HRT
Greetings from Turkmenistan 19 March 08 - At Monday’s (March 17) Human Rights Council meeting, members examined, behind closed doors, the thousands of individual complaints inherited from the former Commission. According to a confidential report, Turkmenistan, which has come under heavy criticism, has three months to respond.
Juan Gasparini/Carole Vann/Human Rights Tribune - The Human Rights Council has finally begun to sort out the cases left over from the former Commission which ended in June 2006. Several thousand individual complaints from around the world addressed to the office of the High Commissioner, Louise Arbour, were examined on Monday at closed door session. One confidential report condemns human rights violations in Turkmenistan.
On ending his term as president of the Council in June 2007, Luis Alfonso De Alba tasked five diplomats from Jordan, Italy, Angola, Bosnia Herzegovina and Nicaragua to review the procedure known as 1503. This opaque mechanism allows individuals around the world to lodge complaints directly with the UN. Between 20,000 and 60,000 cases arrive every year in Geneva where they are classified by category. When the number of complaints shows systematic and massive violations and when the accused State fails to cooperate, the Council appoints an expert to investigate. Finally, if the recommendations of the Rapporteur are not followed, the Issue is no longer dealt with behind closed doors and the country is publicly reprimanded.
This is what could happen to Turkmenistan if it does not respond in 3 months. In the secret report, which HRT has seen, the Moroccan expert Halima Warzazi reveals that this large country situateded between the Caspian Sea and Uzbekistan, is conducting appalling repressions on its citizens. This includes arbitrary detention, torture, ethnic cleansing, persecuting and driving the opposition into exile. According to Halima Warzazi the number and the nature of the complaints are sufficient to conclude that the abuse in Turkmenistan is systematic and massive. The violations have also been condemned by Amnesty International and Reporters Without Borders.

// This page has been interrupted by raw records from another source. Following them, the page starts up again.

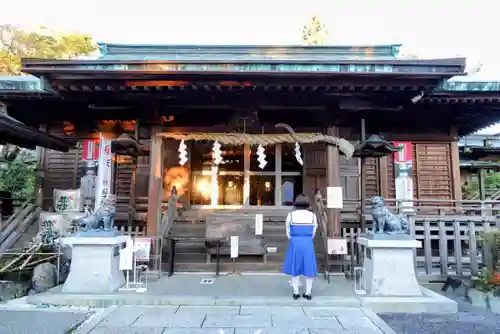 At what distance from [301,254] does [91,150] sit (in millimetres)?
8014

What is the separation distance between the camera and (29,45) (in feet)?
68.2

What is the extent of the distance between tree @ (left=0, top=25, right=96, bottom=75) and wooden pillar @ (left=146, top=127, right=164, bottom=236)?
50.7ft

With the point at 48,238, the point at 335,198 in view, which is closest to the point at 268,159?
the point at 335,198

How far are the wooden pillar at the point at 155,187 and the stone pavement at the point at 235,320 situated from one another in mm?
2661

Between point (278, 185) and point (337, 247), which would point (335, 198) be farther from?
point (278, 185)

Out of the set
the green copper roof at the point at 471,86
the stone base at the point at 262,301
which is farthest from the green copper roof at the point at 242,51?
the stone base at the point at 262,301

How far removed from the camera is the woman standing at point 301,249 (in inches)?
236

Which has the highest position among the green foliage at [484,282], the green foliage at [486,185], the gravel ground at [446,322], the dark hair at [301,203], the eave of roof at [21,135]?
the eave of roof at [21,135]

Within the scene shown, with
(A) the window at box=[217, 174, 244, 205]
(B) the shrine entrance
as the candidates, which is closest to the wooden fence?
(B) the shrine entrance

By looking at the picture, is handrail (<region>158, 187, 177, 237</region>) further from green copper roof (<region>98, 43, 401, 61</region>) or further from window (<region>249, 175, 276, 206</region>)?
green copper roof (<region>98, 43, 401, 61</region>)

Next Tuesday (March 25), the Council will examine, also behind closed doors, six other countries: Syria, Botswana, Maldives, Nepal, Spain and Peru. However, the complaints made against them appear not to be sufficient to conclude that there have been systematic and massive violations.
The 1503 procedure, established to allow individuals to have recourse to the UN when they have exhausted all avenues in their native countries, nevertheless has several flaws. In 2007, Iran and Uzbekistan were accused of systematic violations of freedoms yet managed to have the cases against them closed thanks to a network of alliances among the majority in the Council. Turkmenistan apparently does not have enough powerful allies to benefit from this impunity.
Another perverse effect of 1503 is that only countries where civil society is already strong and well organised, risk finding themselves in the dock. Other countries, no matter how repressive, may find ways around this procedure.